EXERCISE AIM — All lines from the one containing "VisitDays logo" to the end of the listing below should be output exactly; omit the pictures.

START INPUT DATA

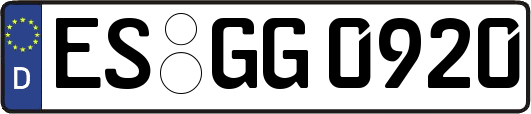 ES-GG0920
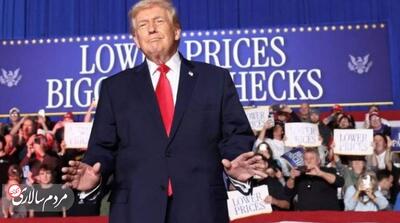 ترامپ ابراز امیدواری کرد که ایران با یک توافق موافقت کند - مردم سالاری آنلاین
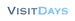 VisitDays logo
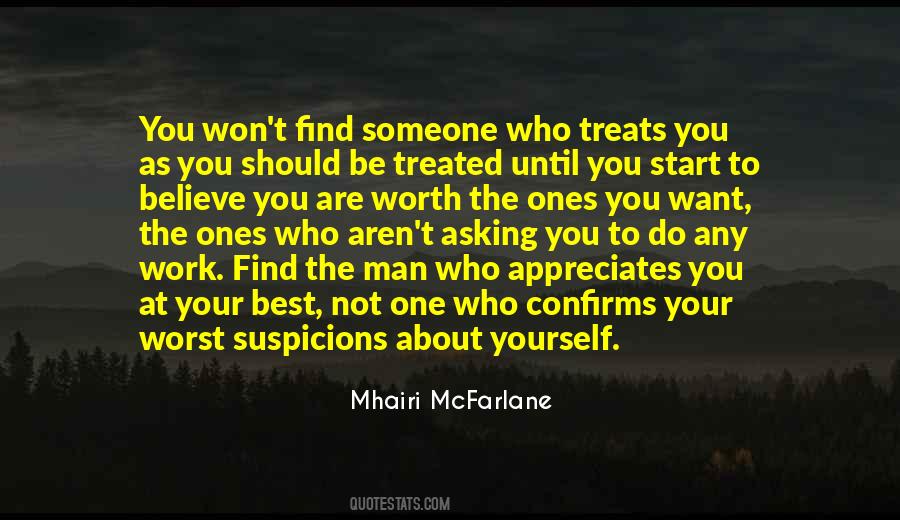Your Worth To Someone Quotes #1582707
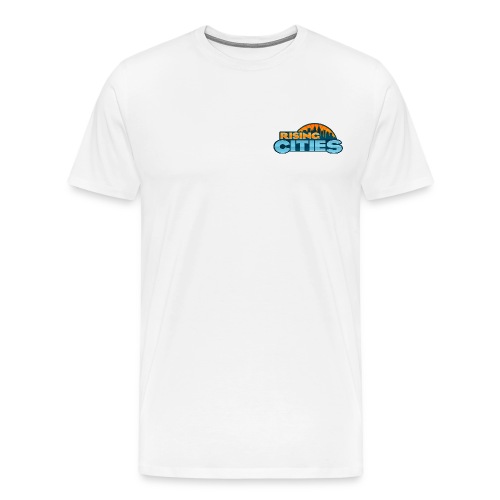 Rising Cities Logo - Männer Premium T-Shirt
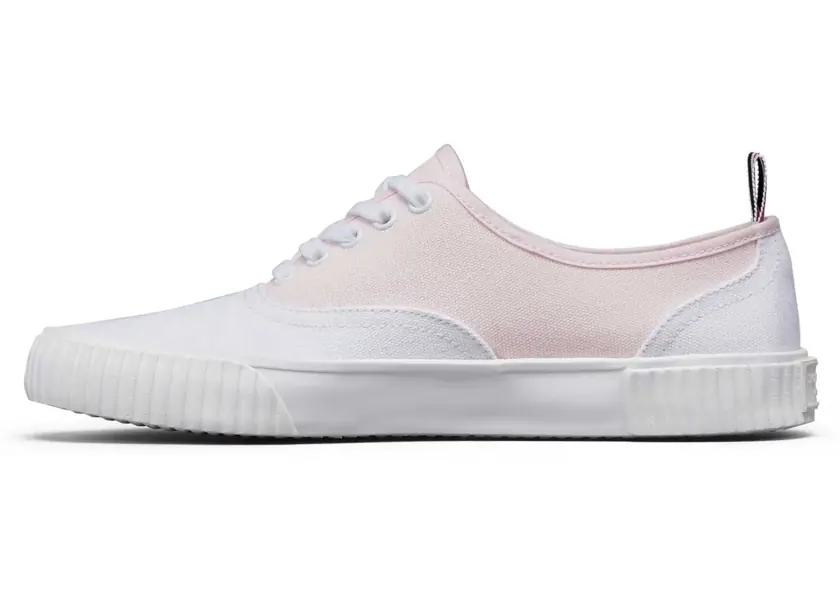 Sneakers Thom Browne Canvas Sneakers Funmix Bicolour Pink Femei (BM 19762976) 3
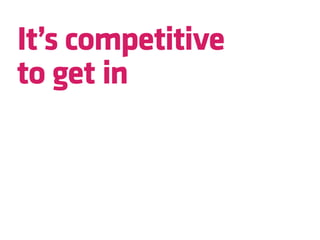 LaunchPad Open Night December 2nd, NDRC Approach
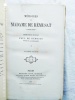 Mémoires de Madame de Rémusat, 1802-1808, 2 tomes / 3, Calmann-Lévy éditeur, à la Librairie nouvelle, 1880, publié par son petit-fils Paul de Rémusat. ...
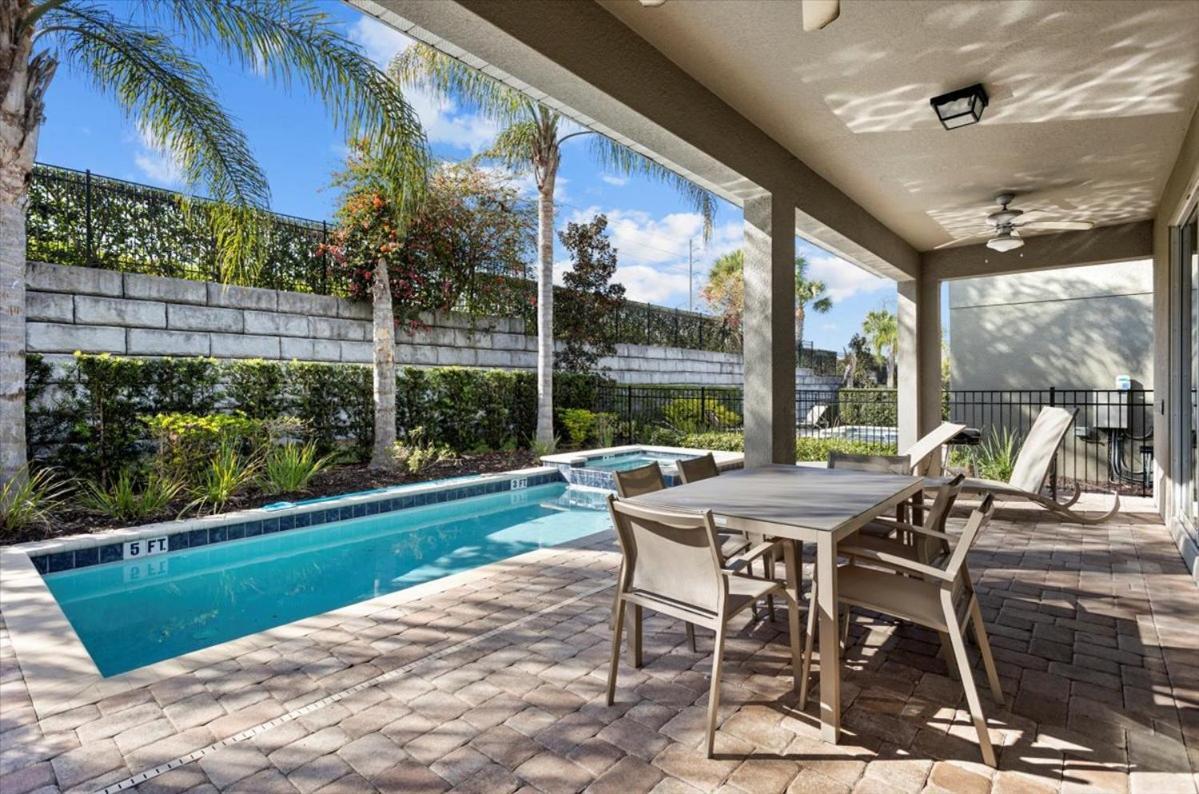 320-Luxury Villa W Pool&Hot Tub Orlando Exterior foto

END INPUT DATA

RESULT OF THE TASK —
 VisitDays logo
Your Worth To Someone Quotes #1582707
 Rising Cities Logo - Männer Premium T-Shirt
 Sneakers Thom Browne Canvas Sneakers Funmix Bicolour Pink Femei (BM 19762976) 3
 LaunchPad Open Night December 2nd, NDRC Approach
 Mémoires de Madame de Rémusat, 1802-1808, 2 tomes / 3, Calmann-Lévy éditeur, à la Librairie nouvelle, 1880, publié par son petit-fils Paul de Rémusat. ...
 320-Luxury Villa W Pool&Hot Tub Orlando Exterior foto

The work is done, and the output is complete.